→ **PROVIDED DATA**:
========
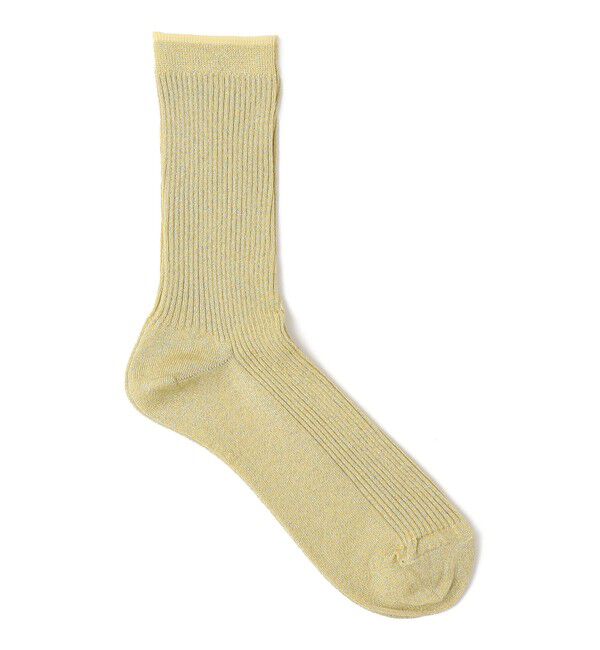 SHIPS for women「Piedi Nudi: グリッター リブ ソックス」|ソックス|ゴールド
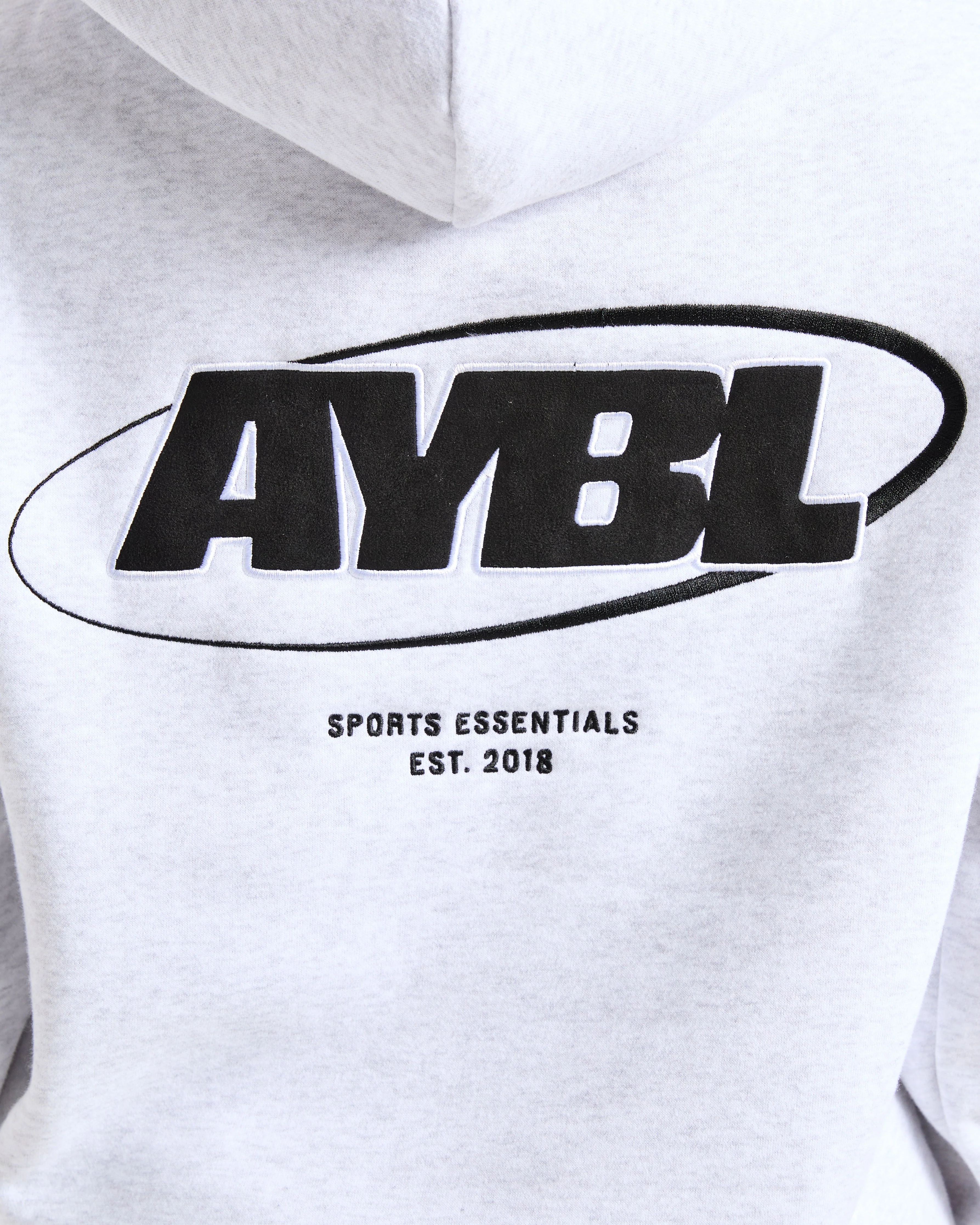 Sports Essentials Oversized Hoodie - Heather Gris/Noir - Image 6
========
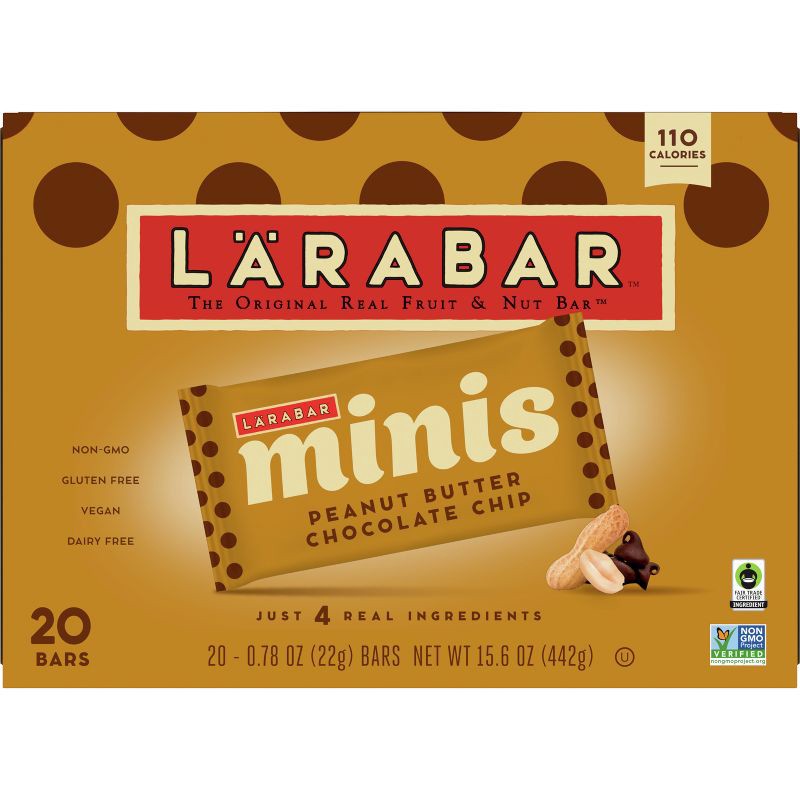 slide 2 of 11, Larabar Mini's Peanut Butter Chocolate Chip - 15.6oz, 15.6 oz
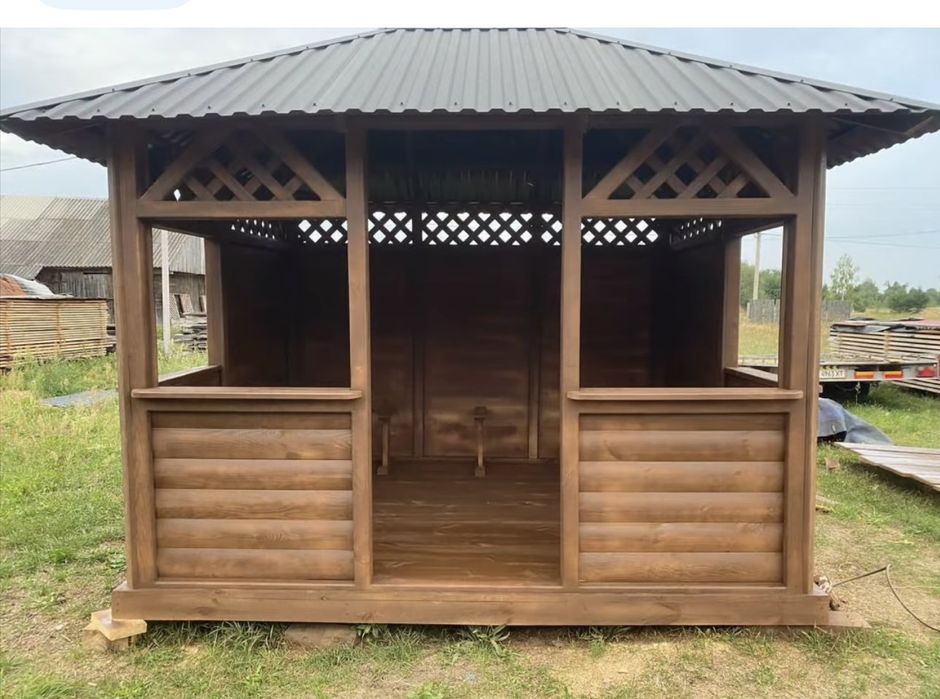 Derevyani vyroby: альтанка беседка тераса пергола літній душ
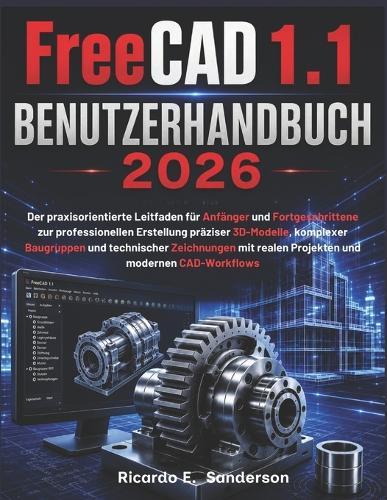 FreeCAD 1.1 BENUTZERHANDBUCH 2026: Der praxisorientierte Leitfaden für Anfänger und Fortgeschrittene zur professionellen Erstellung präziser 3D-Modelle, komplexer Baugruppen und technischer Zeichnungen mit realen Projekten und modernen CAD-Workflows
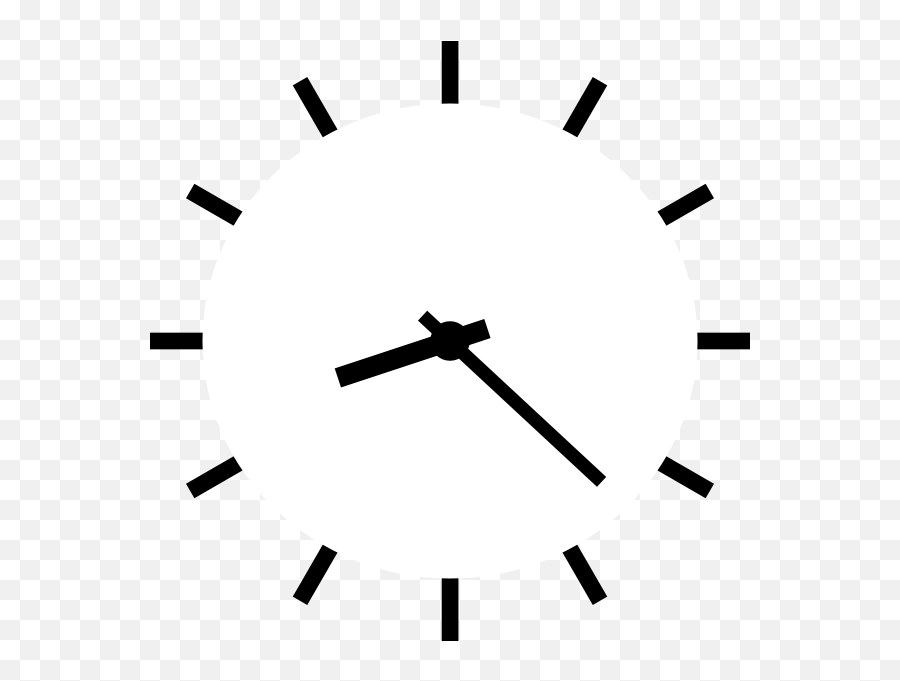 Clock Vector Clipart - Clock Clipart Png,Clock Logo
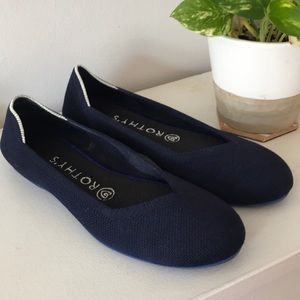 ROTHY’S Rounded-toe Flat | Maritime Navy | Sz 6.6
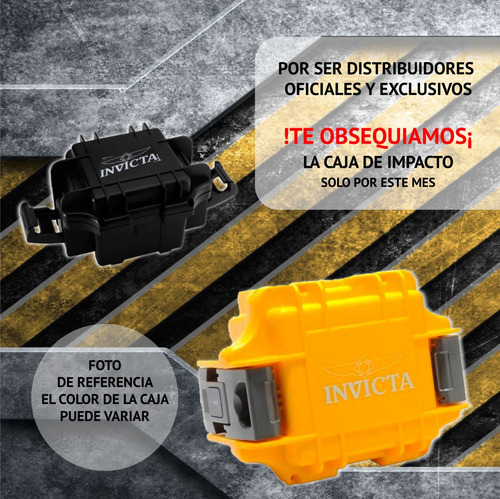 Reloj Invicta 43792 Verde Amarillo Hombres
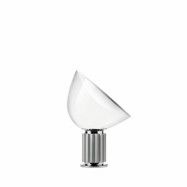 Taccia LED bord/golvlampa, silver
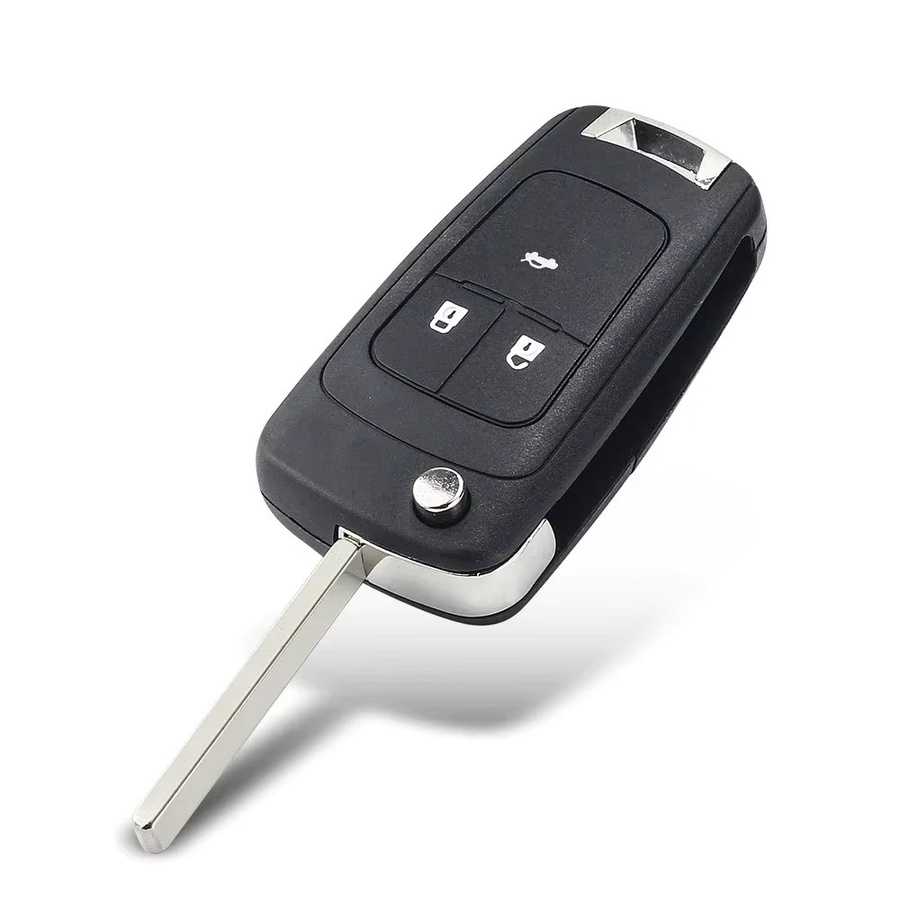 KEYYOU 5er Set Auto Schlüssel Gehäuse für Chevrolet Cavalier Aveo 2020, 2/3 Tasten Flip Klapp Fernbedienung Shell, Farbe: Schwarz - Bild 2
========
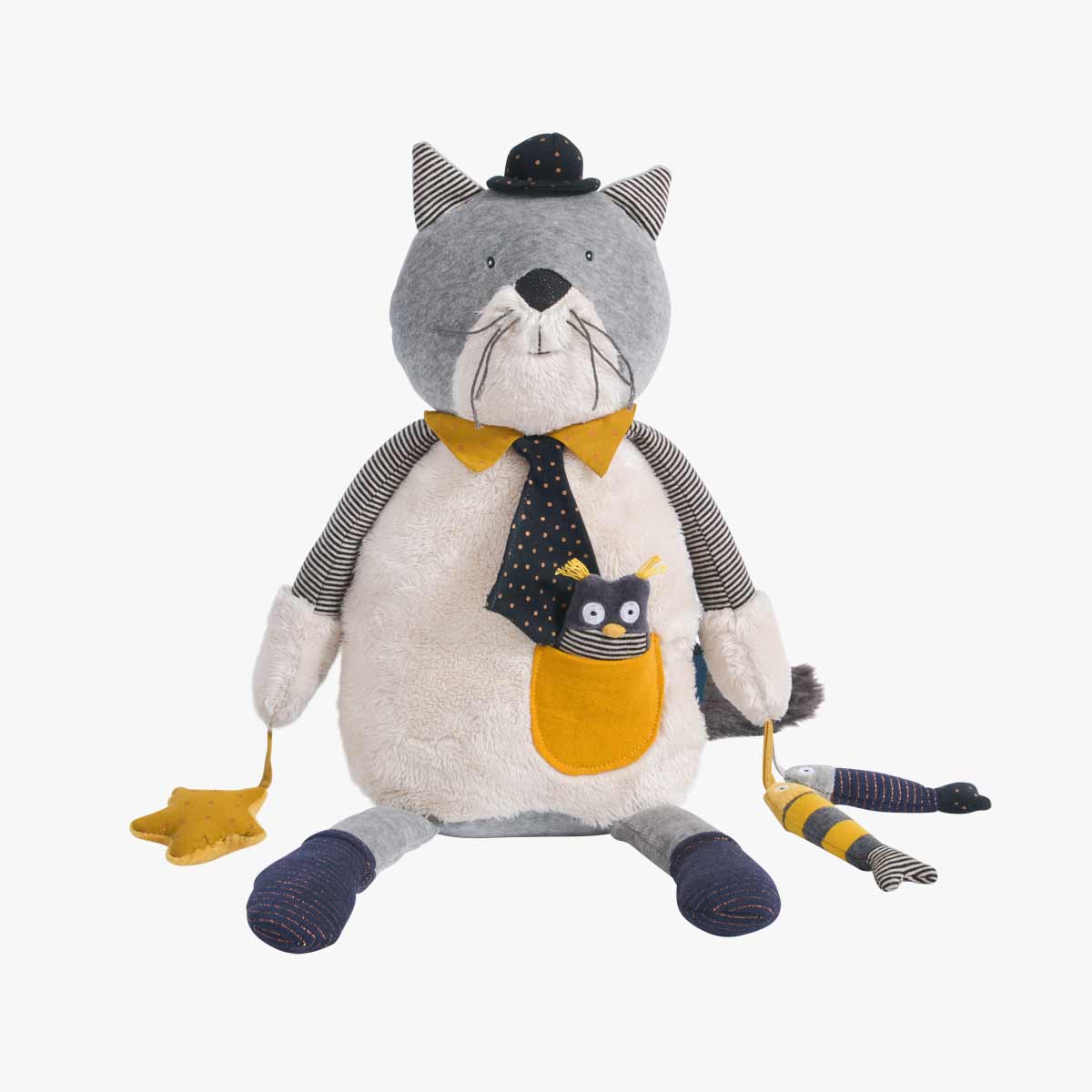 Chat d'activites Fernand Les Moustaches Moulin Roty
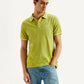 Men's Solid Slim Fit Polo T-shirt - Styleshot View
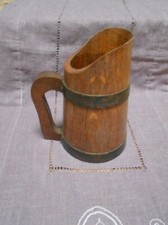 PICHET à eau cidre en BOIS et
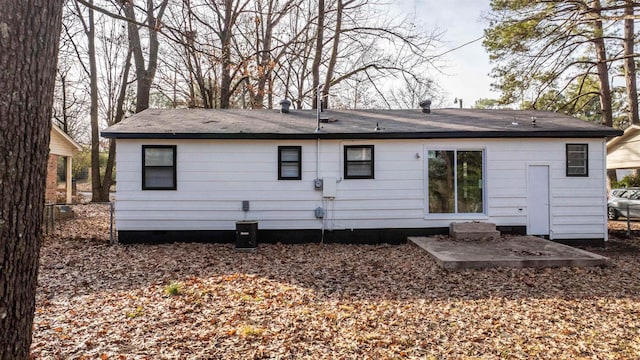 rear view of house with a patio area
========
→ **TASK TO CARRY OUT**:
Write out word for word the lines of the listing above from the line with "slide 2 of 11, Larabar" to the line with "KEYYOU 5er Set", taking in both of those lines but no pictures.

→ **ANSWER SPACE**:
 slide 2 of 11, Larabar Mini's Peanut Butter Chocolate Chip - 15.6oz, 15.6 oz
 Derevyani vyroby: альтанка беседка тераса пергола літній душ
 FreeCAD 1.1 BENUTZERHANDBUCH 2026: Der praxisorientierte Leitfaden für Anfänger und Fortgeschrittene zur professionellen Erstellung präziser 3D-Modelle, komplexer Baugruppen und technischer Zeichnungen mit realen Projekten und modernen CAD-Workflows
 Clock Vector Clipart - Clock Clipart Png,Clock Logo
 ROTHY’S Rounded-toe Flat | Maritime Navy | Sz 6.6
 Reloj Invicta 43792 Verde Amarillo Hombres
 Taccia LED bord/golvlampa, silver
 KEYYOU 5er Set Auto Schlüssel Gehäuse für Chevrolet Cavalier Aveo 2020, 2/3 Tasten Flip Klapp Fernbedienung Shell, Farbe: Schwarz - Bild 2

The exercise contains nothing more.